こんにちは。しあわせ家族生活の小川です。2026年9月16日、私たちの本社2階講堂で開かれた「第3回 猫座談会」に参加してきました。保護活動をされている方々や、TNR手術を担当されている佐藤先生のお話をうかがいながら、いろいろなことを感じた一日でした。

座談会に参加するみなさんのようす

▲ 熱心に耳を傾ける参加者のみなさん

40匹以上の猫がいた家、目に染みたにおい

会場で見せていただいた映像の中に、忘れられないものがありました。高齢の方が暮らすお宅で、気づけば猫が40匹以上になっていたという現場です。ご家族が元気なうちはお世話ができていたそうですが、その後、特に糞尿のお世話が立ち行かなくなっていったといいます。映像には、目に染みるほどのアンモニアのにおいに満ちた部屋が映っていました。

それでも、映っている猫たちはみんな、人によくなついていました。

きっと、大事に愛情を注がれて飼われてきたんだろうな、と感じました。それでも、愛情だけでは管理しきれなくなってしまう瞬間がある。そのことを、今回はじめて知りました。

お金がかかる、それでも続ける人たち

会場では「福祉の側で気づくきっかけはあるはずなのに、プライバシーの問題ですぐには行政に伝えられないこともある」というお話も出ていました。人と人の見守りや、ちょっとした声かけが大事だとわかっていても、それを続けていくのは簡単なことではないんだろうな、と感じました。

そしてもう一つ、印象に残ったのが「お金」の話です。多頭飼育の現場をきれいにしようとしても猫を避難させる場所がなかったり、避妊・去勢の手術にも費用がかかったり。

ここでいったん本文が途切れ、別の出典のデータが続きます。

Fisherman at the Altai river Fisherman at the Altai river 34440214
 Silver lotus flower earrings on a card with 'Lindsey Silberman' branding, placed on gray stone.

参加者の方が、行政から「ペットホテルを利用したら」と言われたというエピソードを話してくださったのですが、何をするにもお金がかかるんだ、というのが率直な感想でした。

🐾 佐藤先生への質問コーナーより
「オス猫は産まないから去勢は不要と言われた」――そんな誤解に、どう向き合えばいいですか?という質問に、佐藤先生が丁寧に答えてくださいました。

4か月かけて外に出た犬が、災害救助犬に

そしてもう一つ、心に残ったのが犬の映像です。保健所にいたその子は、抱っこされただけで体を固くして震えてしまうほど、人が怖かったようです。「もう普通の家では飼えない」と言われていたそうです。でもこの団体さんは諦めませんでした。毎日少しずつ、少しずつ。外に散歩へ出られるようになるまで、4か月もかかったといいます。それから数年が経ったいま、その子は人の命を救う災害救助犬として働いているんだそうです。

このお話を聞いたとき、思わず胸が熱くなりました。

「まだまだ知らないことが多い」と気づいた一日

今回、座談会に参加させてもらって、自分がいかに知らないことばかりだったかを実感しました。地域の猫のこと、TNRのこと、そしてそのために動いている人たちのこと。知らなかったことを知れただけで、少し世界の見え方が変わった気がします。最後までお読みいただき、ありがとうございました。